Today's letters: COVID — Canada's approach worked better than that of the U.S.

 


Randall Denley was inconvenienced by what he considers the unnecessary anti-COVID-19 regulations involved in crossing the border and suggests that we should adopt the laissez-faire American approach. While I am weary of COVID restrictions, I am less certain that the American’s have much to teach us.

Throughout the pandemic the United States has had a consistently higher death rate from COVID than has Canada. The spread has narrowed in the last weeks but as of April 2, the American death rate was 2.02 per million while the rate in Canada was 0.95 per million.

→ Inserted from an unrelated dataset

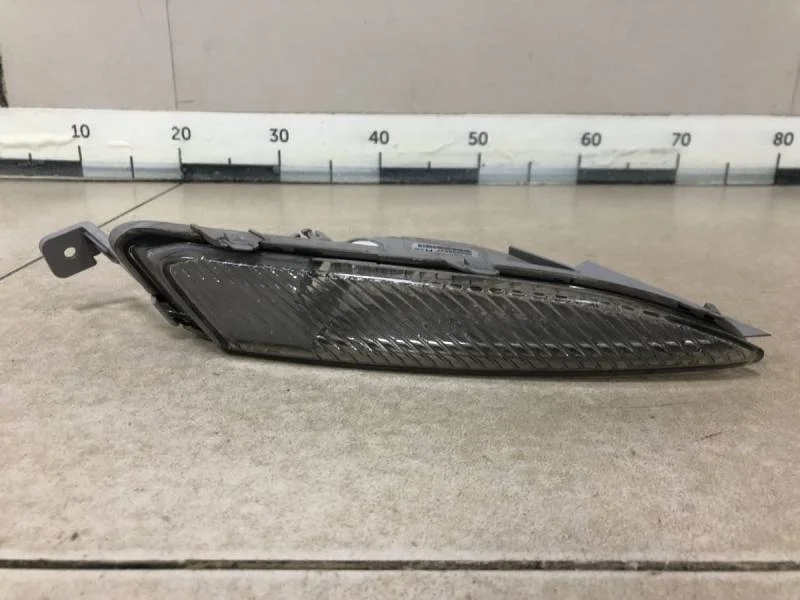 Указатель поворота в бампер правый Opel Astra J 2010-2017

We can live with minor restrictions for a few more weeks if it saves lives. It is unfortunate that Premier Doug Ford and Randall Denley don’t realize this.

Alan McCullough, Ottawa

Statistics tell the real COVID story

I guess Randall Denley doesn’t read statistics. The U.S. took a very different approach to the pandemic and now has the dubious honour of having more than one million deaths from COVID. According to the Worldometer website , it has 3,020 deaths/million (18 th   place worldwide) compared with 987 deaths/million in Canada (92 nd   place).    Each of those one-million-plus deaths represents a family without a father, brother, sister or child.

Wearing a mask and avoiding restaurants and other public places is a small price to pay if it keeps people from dying or battling long-COVID. Sadly, the government of Ontario has chosen to pretend that the pandemic is over and completely opened the province. We are seeing   unprecedented   infection rates among young children who don’t have the benefit of vaccines. Community spread is the biggest predictor of increased outbreaks in long-term care and retirement homes where some of our most vulnerable citizens reside.

Sorry Mr. Denley, I would rather have restrictions and some inconveniences if it means having fewer deaths from COVID.  

Grace Welch, Ottawa

Media are exaggerating COVID danger

Randall Denley’s welcome column offered a different outlook on how to live with COVID-19. In a city of one million and with no more than 19 people in hospital with COVID-related infections, there appears to be an ongoing exaggerated sense of alarm.

For many people, the past two years have been like a nightmare roller-coaster ride. With the vast majority of people now vaccinated and protected from COVID’s more serious health effects, the ongoing heightened concern expressed by some does not appear to match reality. Perhaps it would be more beneficial and less alarming if there was a balance in the information being communicated.

Dale Boire, Ottawa

Putin’s real lesson for the UN

Re: Stop Putin’s war or close your doors, UN told, April 6.

A statement once made by political economist and philosopher Bertrand de Jouvenel seems most appropriate to describe what Volodymyr Zelenskyy must think of the current United Nations: “A society of sheep must, in time, beget a government of wolves.’